*** Records supplied Section Begins ***

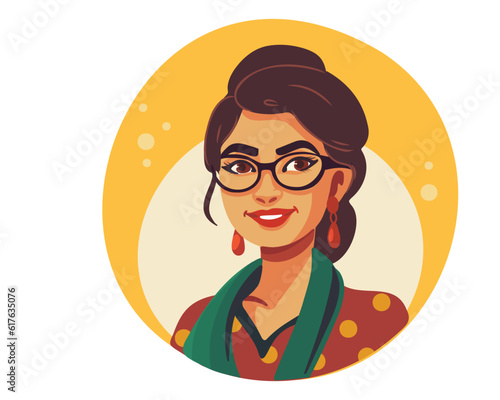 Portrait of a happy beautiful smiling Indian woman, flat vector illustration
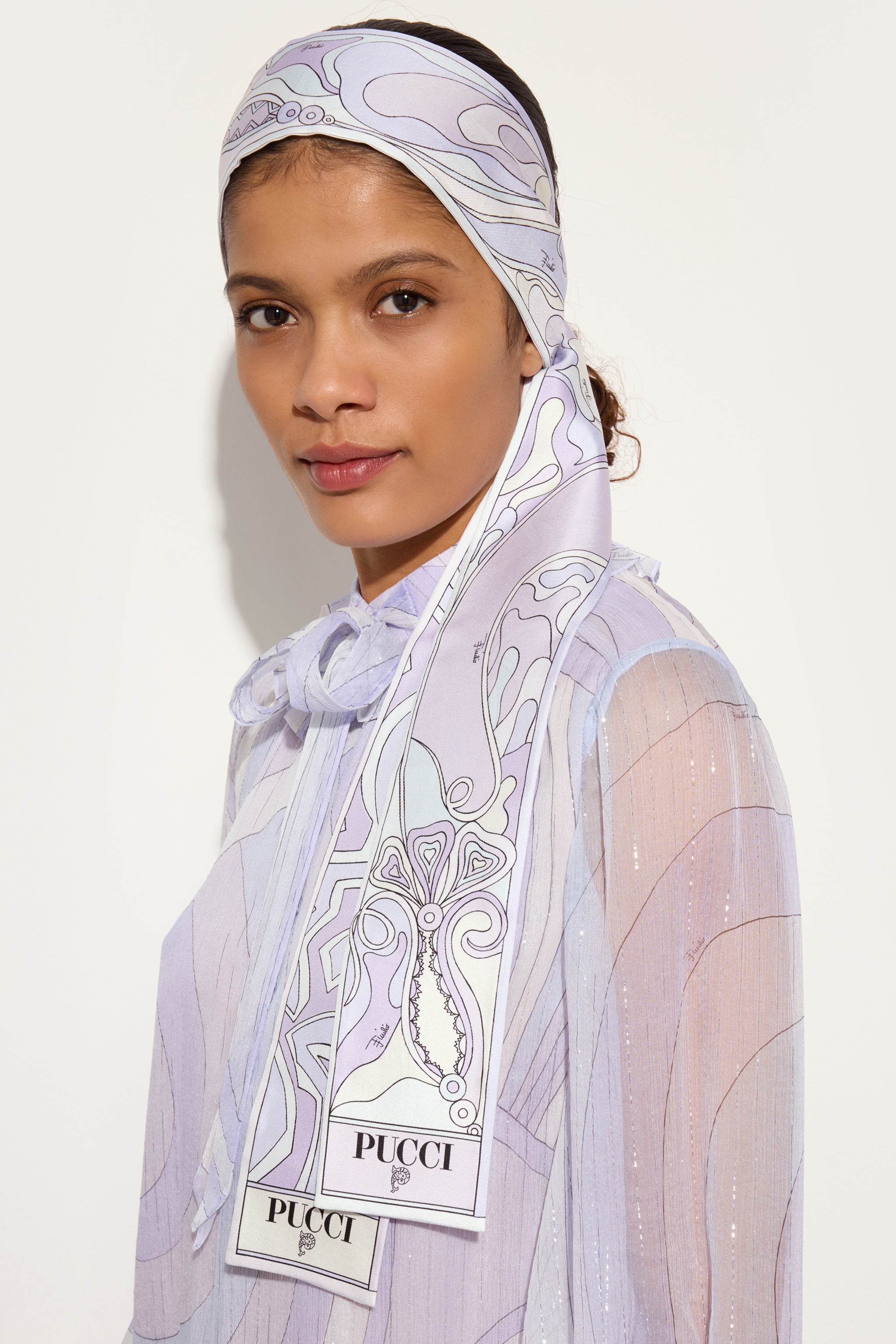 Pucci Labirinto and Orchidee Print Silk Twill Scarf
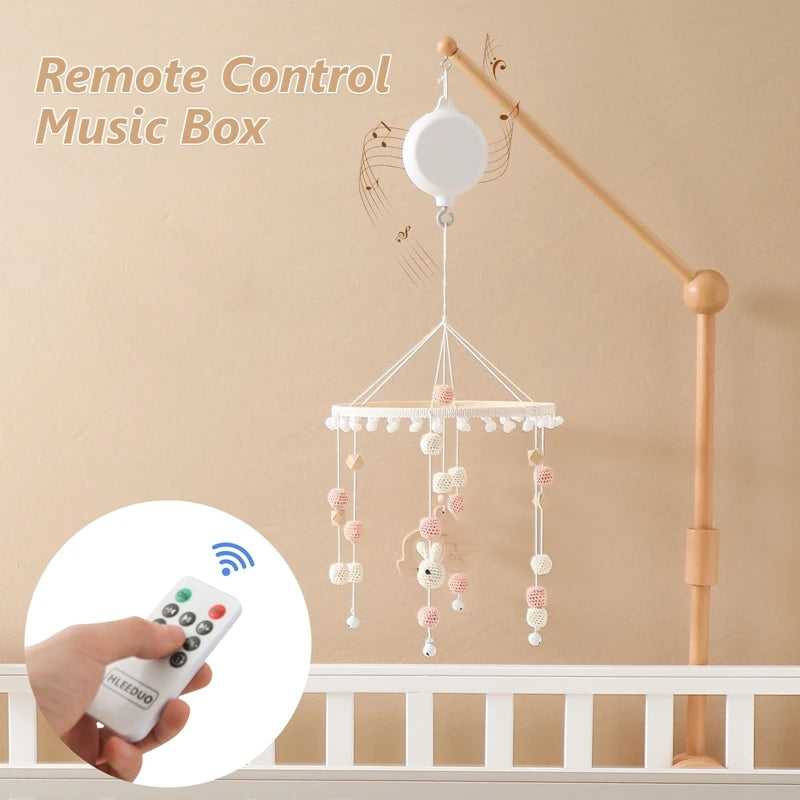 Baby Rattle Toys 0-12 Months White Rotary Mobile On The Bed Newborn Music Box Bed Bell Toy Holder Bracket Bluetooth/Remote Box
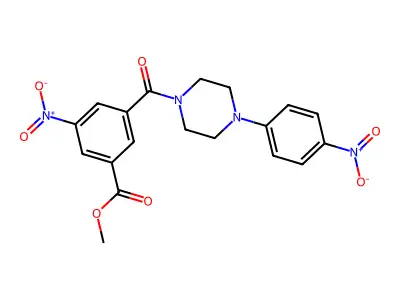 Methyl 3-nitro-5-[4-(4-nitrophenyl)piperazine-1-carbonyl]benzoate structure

*** Records supplied Section Ends ***
*** Records supplied Section Begins ***

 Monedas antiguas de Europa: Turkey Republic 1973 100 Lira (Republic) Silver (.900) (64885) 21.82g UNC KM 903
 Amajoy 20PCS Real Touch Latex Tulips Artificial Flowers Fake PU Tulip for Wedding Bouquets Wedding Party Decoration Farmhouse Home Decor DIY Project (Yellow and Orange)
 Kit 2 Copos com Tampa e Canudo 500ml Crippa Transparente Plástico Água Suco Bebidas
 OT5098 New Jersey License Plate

*** Records supplied Section Ends ***
*** Records supplied Section Begins ***

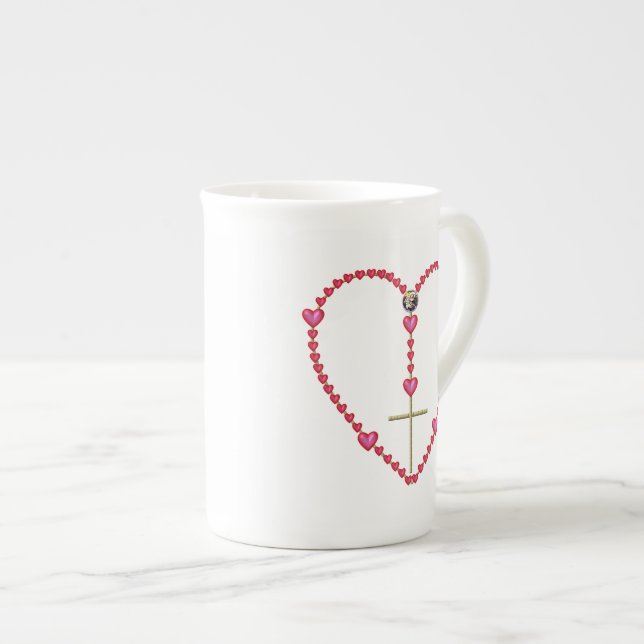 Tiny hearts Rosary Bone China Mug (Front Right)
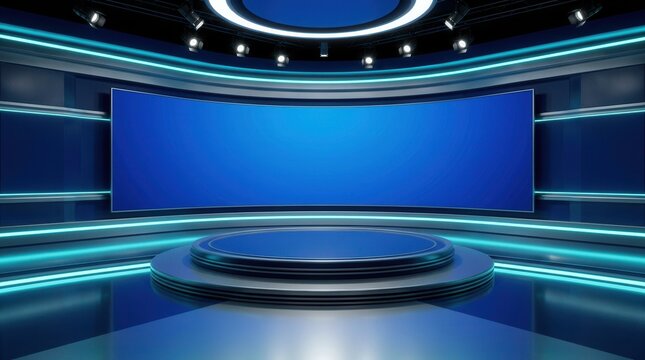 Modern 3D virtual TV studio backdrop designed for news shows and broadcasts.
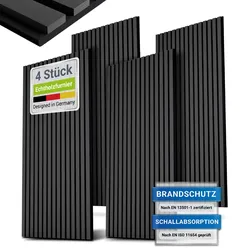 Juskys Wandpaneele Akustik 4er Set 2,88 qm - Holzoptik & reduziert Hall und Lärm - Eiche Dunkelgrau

*** Records supplied Section Ends ***

* **Work item**
Among the entries above, the lines between the ones containing "Kit 2 Copos" and "OT5098 New Jersey License Plate", inclusive, are to be transcribed exactly. No other line is to be given.

* **Exercise solution**
 Kit 2 Copos com Tampa e Canudo 500ml Crippa Transparente Plástico Água Suco Bebidas
 OT5098 New Jersey License Plate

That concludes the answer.